* TASK DIRECTIONS
Only one span is wanted from the lines below: from the one with "2026年最新】richardson supremeの人気アイテム - メルカリ" up to and including the one with "НоменклатураПрисоединенныеФайлы". Copy it exactly, without images.

* MATERIAL FOR THIS TASK

____

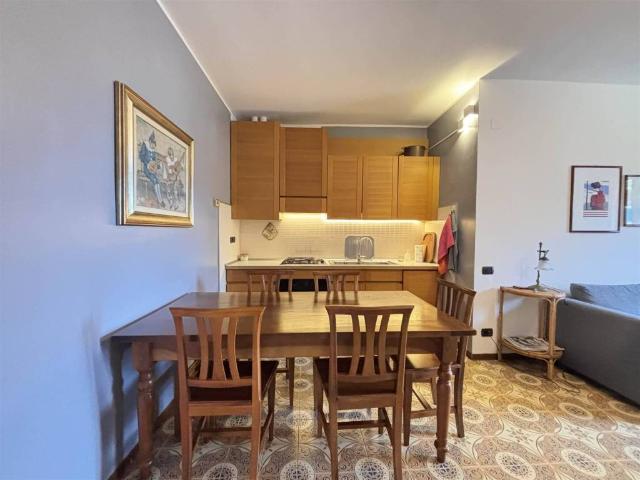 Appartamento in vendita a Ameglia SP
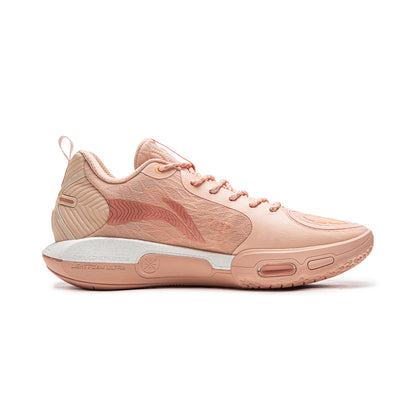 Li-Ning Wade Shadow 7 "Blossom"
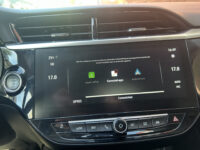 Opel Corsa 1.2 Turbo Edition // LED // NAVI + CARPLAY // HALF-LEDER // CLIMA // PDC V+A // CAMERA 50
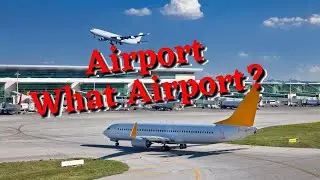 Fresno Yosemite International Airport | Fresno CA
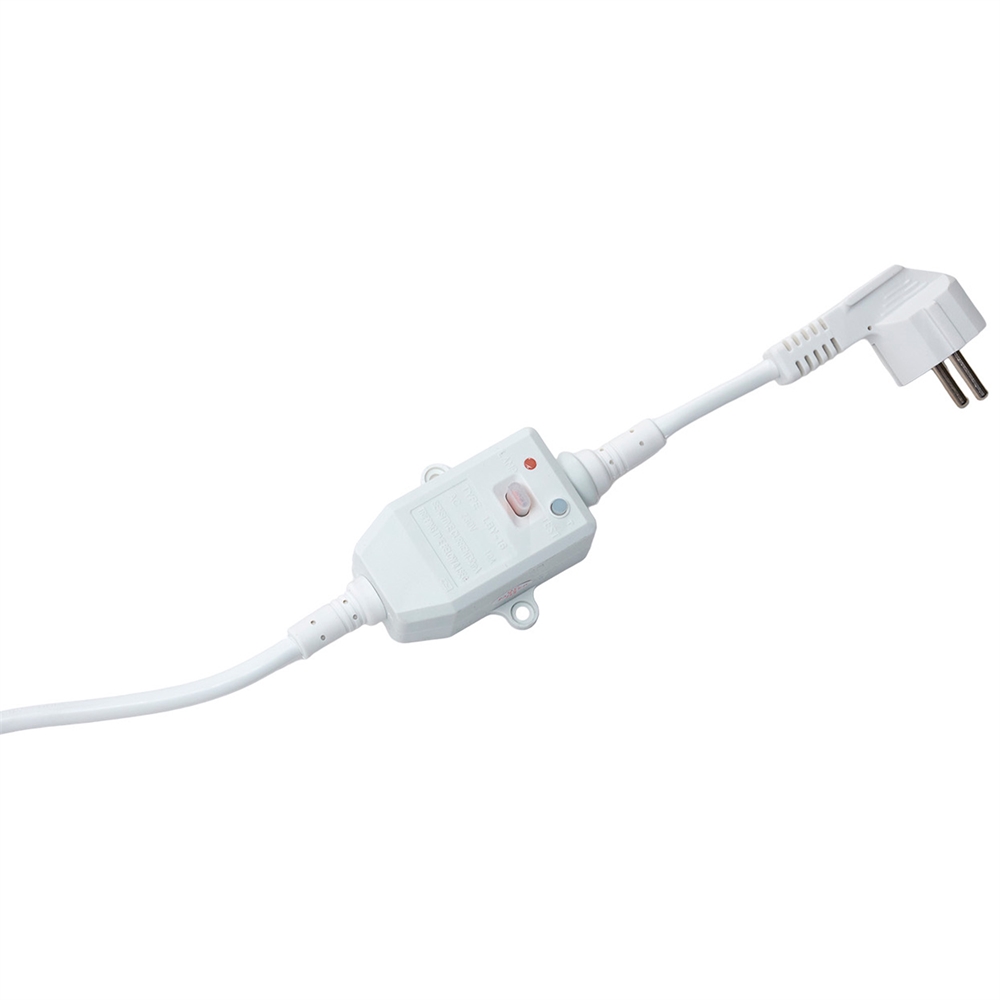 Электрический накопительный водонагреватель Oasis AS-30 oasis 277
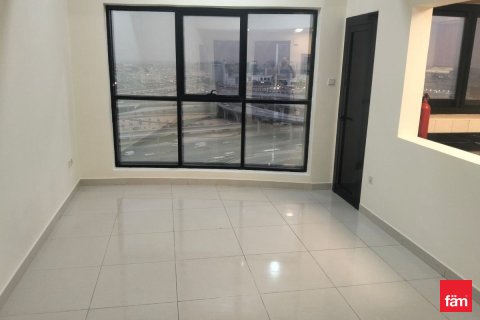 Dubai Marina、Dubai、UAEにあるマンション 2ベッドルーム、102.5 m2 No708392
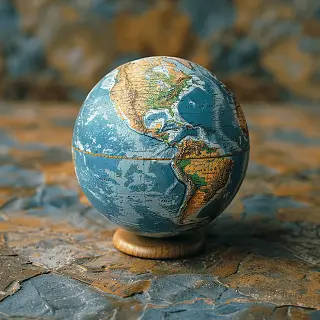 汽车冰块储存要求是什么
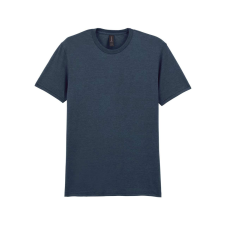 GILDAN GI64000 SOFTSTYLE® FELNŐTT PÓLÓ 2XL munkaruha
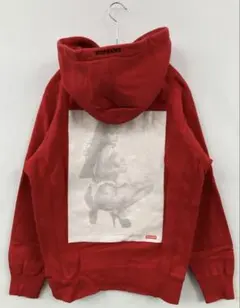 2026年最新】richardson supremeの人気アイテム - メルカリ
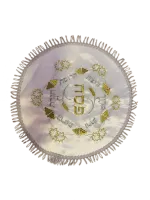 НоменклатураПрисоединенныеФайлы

____

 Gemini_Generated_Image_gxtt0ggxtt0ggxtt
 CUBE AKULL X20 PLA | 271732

____

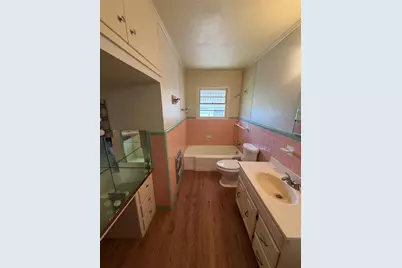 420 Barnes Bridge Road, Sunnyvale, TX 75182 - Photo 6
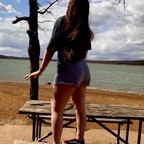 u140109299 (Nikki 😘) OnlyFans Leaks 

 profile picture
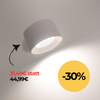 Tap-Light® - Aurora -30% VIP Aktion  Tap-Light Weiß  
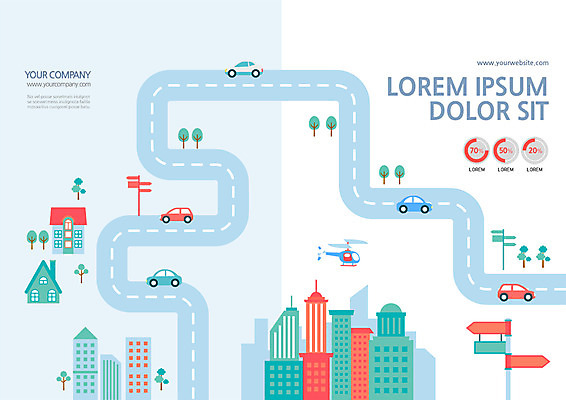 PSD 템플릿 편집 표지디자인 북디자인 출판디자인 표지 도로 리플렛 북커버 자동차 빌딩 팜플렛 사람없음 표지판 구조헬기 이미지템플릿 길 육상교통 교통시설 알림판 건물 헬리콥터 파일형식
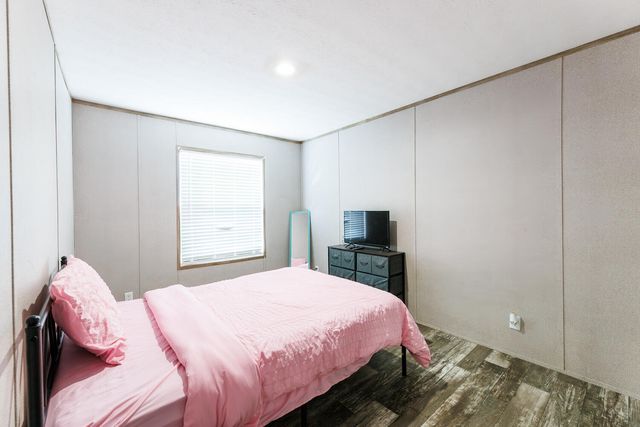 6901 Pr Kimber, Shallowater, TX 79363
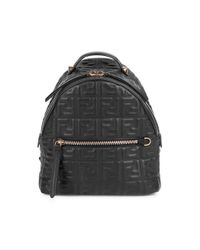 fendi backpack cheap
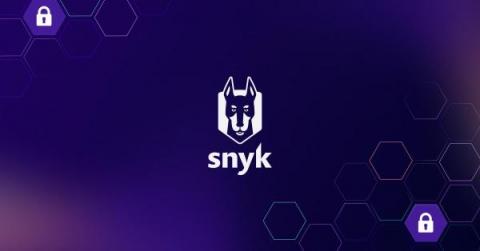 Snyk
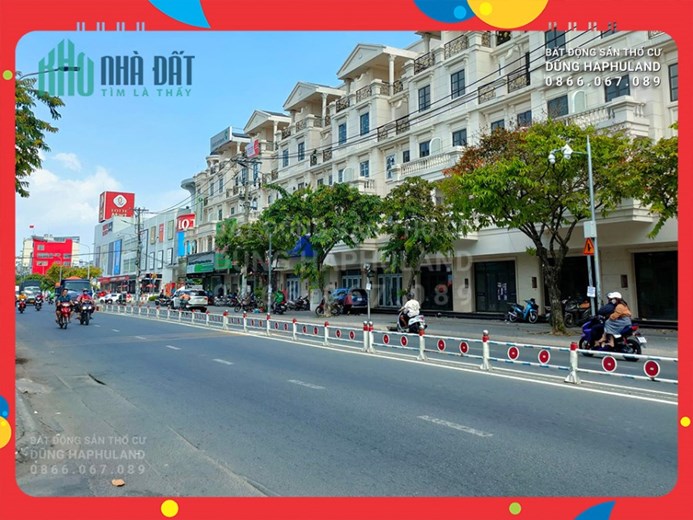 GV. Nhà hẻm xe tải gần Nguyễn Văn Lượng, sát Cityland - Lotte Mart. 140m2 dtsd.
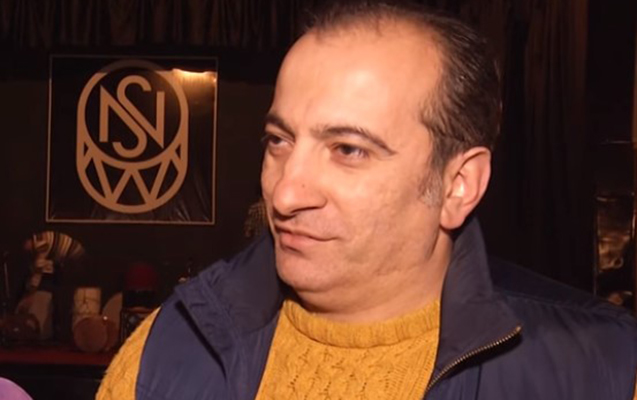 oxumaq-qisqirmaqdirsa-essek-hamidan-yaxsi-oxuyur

____

* TASK RESULT
 2026年最新】richardson supremeの人気アイテム - メルカリ
 НоменклатураПрисоединенныеФайлы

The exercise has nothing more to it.